Other than the unrealistic expectations we place on young kids, whether that’s for a baby to stop crying or a toddler to accept the adult logic behind not buying a twenty-dollar Cookie Monster pillow, my real problem with this idea of control is how it traps and burdens parents. I think mothers are generally held responsible to a greater extent than fathers, just because of gender norms and prevalent myths of motherhood, but I know this applies to fathers too. Frankly, if you are the adult who appears to be responsible for a baby or child, people will expect you to rein the kid in, somehow.
As a mother, I’ve heard the call for control loud and clear, but it started earlier than that. Before I had my son, I learned to control myself as a girl: how I dressed, how much space I took up, what I could say and how loudly, what emotions I felt and how strongly, where I walked, whom I let touch me and how and when and whether I was clear about wanting it or not. I learned the hard way how little I could control, although it took years of trying to make myself more vigilant, more rigid, more impenetrable first. The more I tried to control the world around me, control people’s reactions to me, control the way people treated me, the more out of control I felt. When bad things happened, I analyzed all my choices. I felt responsible, even when I wasn’t.

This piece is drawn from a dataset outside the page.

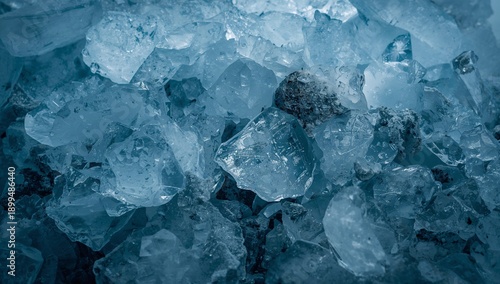 Close-up View of Ice Crystals Reflecting Light in a Cold Environment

In my early postpartum period, I was afraid my baby would cry in public and I wouldn’t be able to soothe him. I was afraid I would have to breastfeed him, and someone would see my breast and harass me. I didn’t know how to give my breast to my baby without keeping my body contained, the way the world expects. Meanwhile, I was struggling with postpartum anxiety and depression, and spending all day at home with my crying baby was suffocating, terrifying, and so exhausting that I experienced panic attacks regularly and a troubling buzzing sensation in my head. I wanted to be with other people, but the need for control meant I couldn’t.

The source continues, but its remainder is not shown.